De son côté, Roger parle pour l'APTI : "Dans les murs de la maison d'arrêt de Nîmes il y a des personnes migrantes qui ont droit à ce que l'on appelle la double peine. Ils font leur temps en prison puis on les expulse dans leur pays d'origine..." Pour la Ligue des droits de l'Homme, Jean est clair : "Le réseau nîmois réunit sept associations qui mènent les mêmes combats et qui ont souvent les mêmes valeurs. Nous ne voulons pas de prison au sud de Nîmes car ce projet met la prison au centre des questionnements... C'est à la justice civile ou pénale de réguler les conflits. La prison ne peut pas être la seule réponse ! Enfermer des gens ne résout pas tout.
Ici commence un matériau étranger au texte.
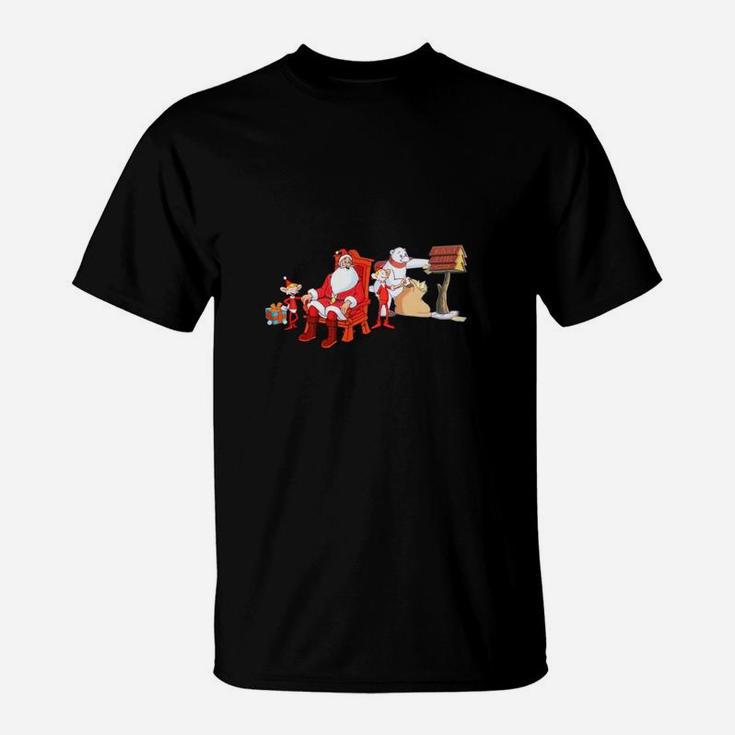 Weihnachtsmann Co Kg Christmas T-Shirt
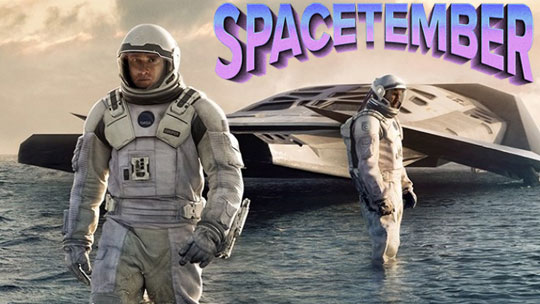 INTERSTELLAR: 1570 FILM PRESENTATION
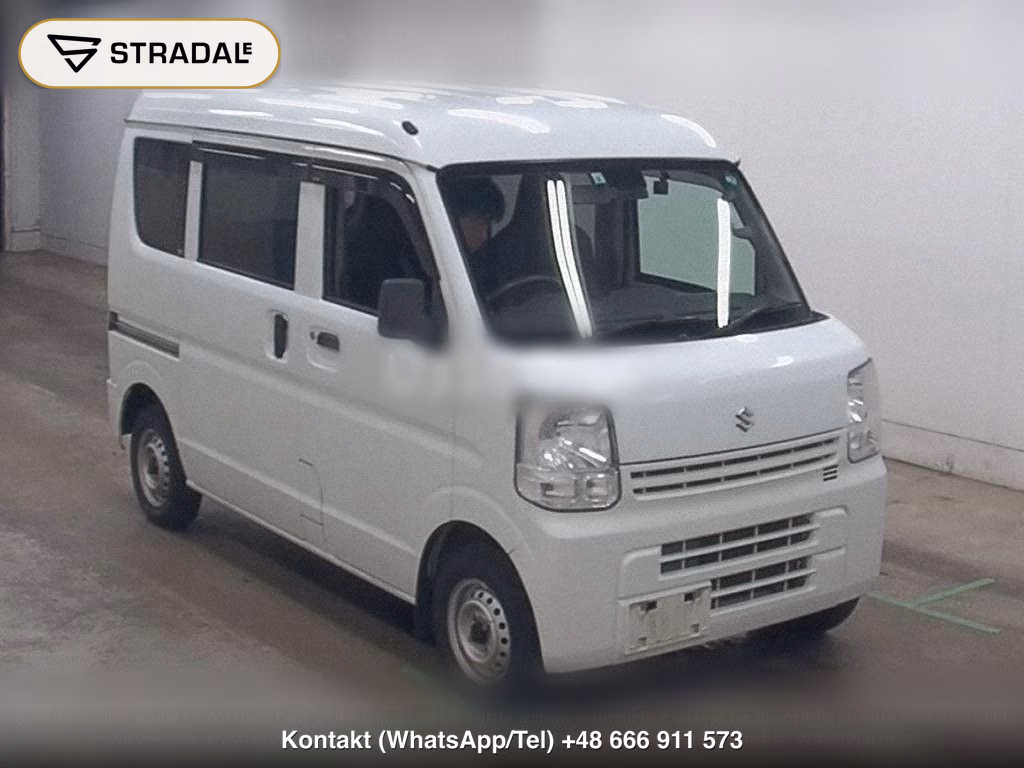 SUZUKI EVERY 5D 4WD, miniaturka 2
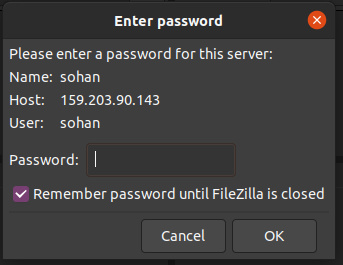 Cómo Instalar El Servidor FTP Vsftpd Y Asegurarlo Con TLS En Debian 11 ...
Quid de la peine de probation ? Tout cela, c'est de la politique publique ! On a vu, depuis 2000 un accroissement de 30 % de la population carcérale quand il n'est que de 10 % pour la population française."
Un projet en adéquation avec la tendance ?
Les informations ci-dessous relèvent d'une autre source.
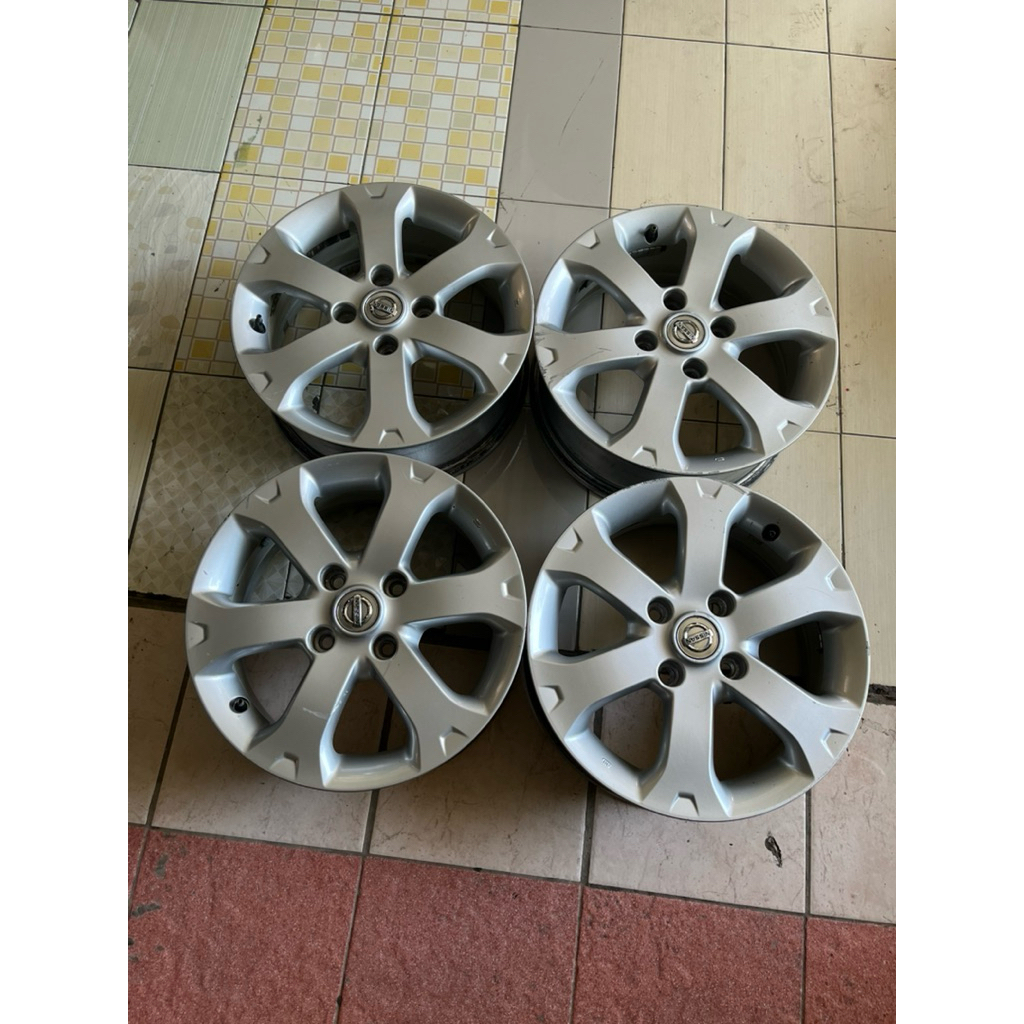 velg oem nissan livina x gear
Le projet de construction de cette nouvelle prison de 700 places sur les communes de Nîmes, Milhaud et Générac, sur un terrain de 60 hectares, a un coût estimé à 120 millions d'euros. Prune, de l'OIP national rappelle quelques évidences. "La France a été condamnée pour sa gestion des prisons et leur surpopulation carcérale. Cette réponse ne doit pas passer par la construction de nouvelles prisons. Nous sommes à 70 000 personnes en prison avec une moyenne de 135 % de surpopulation. C'est un échec car la population carcérale n'a cessé de croître à un rythme très soutenu. Il n'y a aucune corrélation avec la croissance démographique ou même avec l'évolution de la délinquance... Par contre, c'est le sentiment d'insécurité qui semble augmenter chez les Français. La politique pénale est juste de plus en plus répressive et ces budgets de construction pourraient servir à mettre en place d'autres alternatives à la prison. Nous devons changer de paradigme car c'est un cercle vicieux." On parle de près d'un milliard d'euros pour 2022 et de la création de 15 000 places supplémentaires.
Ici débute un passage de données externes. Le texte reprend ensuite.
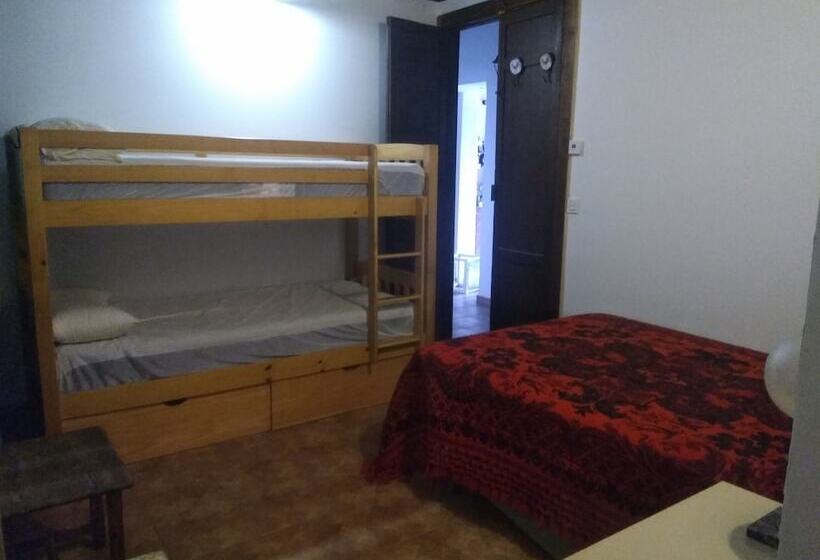 تختخواب و صبحانه La Casona De La Luz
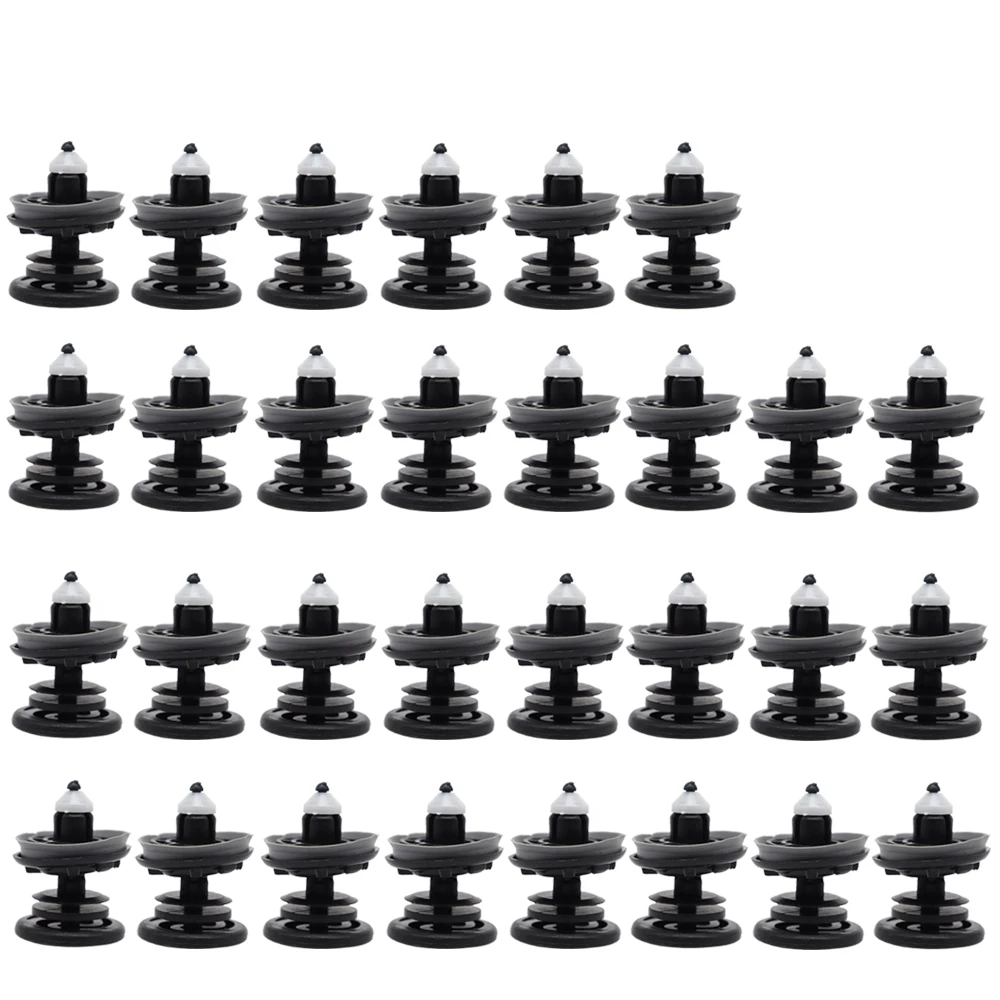 

Заклепка внутренняя для панели двери автомобиля, заклепка прямая замена для VW Golf 6 7 Mk6 Mk7 2008 2009 2010 2011 2012 - 2020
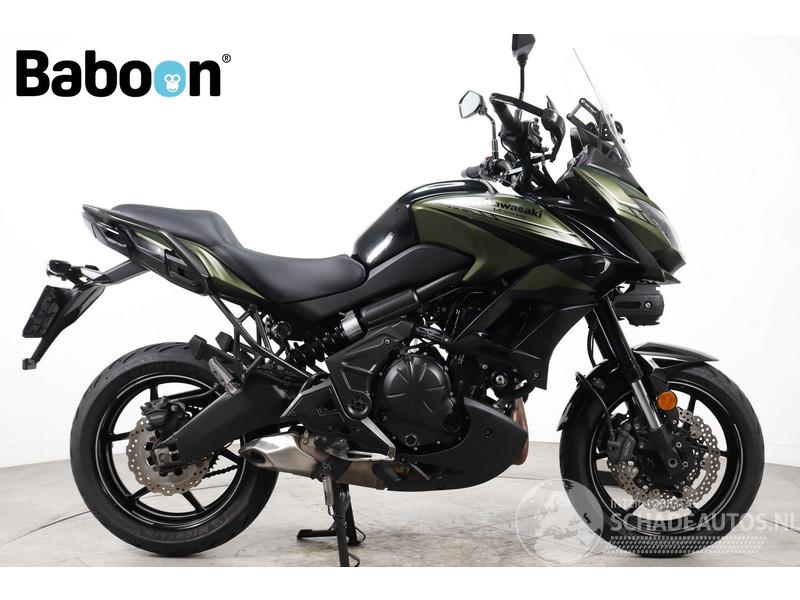 Kawasaki Versys 650 ABS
Actuellement, la Maison d'Arrêt de Nîmes compte 196 places pour 420 détenus. 150 places supplémentaires devraient y voir le jour. Vous l'aurez compris, les blocs s'opposent et vont tenter de se comprendre, de discuter, d'affronter leurs arguments mais le contexte est complexe. Bernadette Jonquet reprend : "Pourquoi créer un centre pénitentiaire de 700 places ? De plus, le terrain sur lequel il serait construit est plus propice à la relégation sociale. Nous sommes au début de la concertation et nous espérons qu'ils vont au moins écouter, prendre en comptes ce que nous disons. On pourrait inverser la tendance comme cela a été fait du côté de Fournès pour le dossier de l'implantation d'Amazon." L'éloignement de cette future prison par rapport au centre-ville de Nîmes un autre problème. Quid des visites familiales ?
Le réseau gardois prend en exemple les pays du Nord de l'Europe, les Pays-Bas, les pays scandinaves, l'Allemagne, même l'Espagne. "Nous sommes le cinquième pays en termes de densité carcérale en Europe...", ajoute Prune. Pour Jean, "la première liberté c'est la sécurité. C'est ce qu'on entend depuis plus de 30 ans mais c'est faux ! Il est encore possible de penser autrement. La répression, c'est facile. On construit des murs et on met des gens à l'intérieur. Ce sont nos politiques d'insertion et d'intégration qui sont un échec."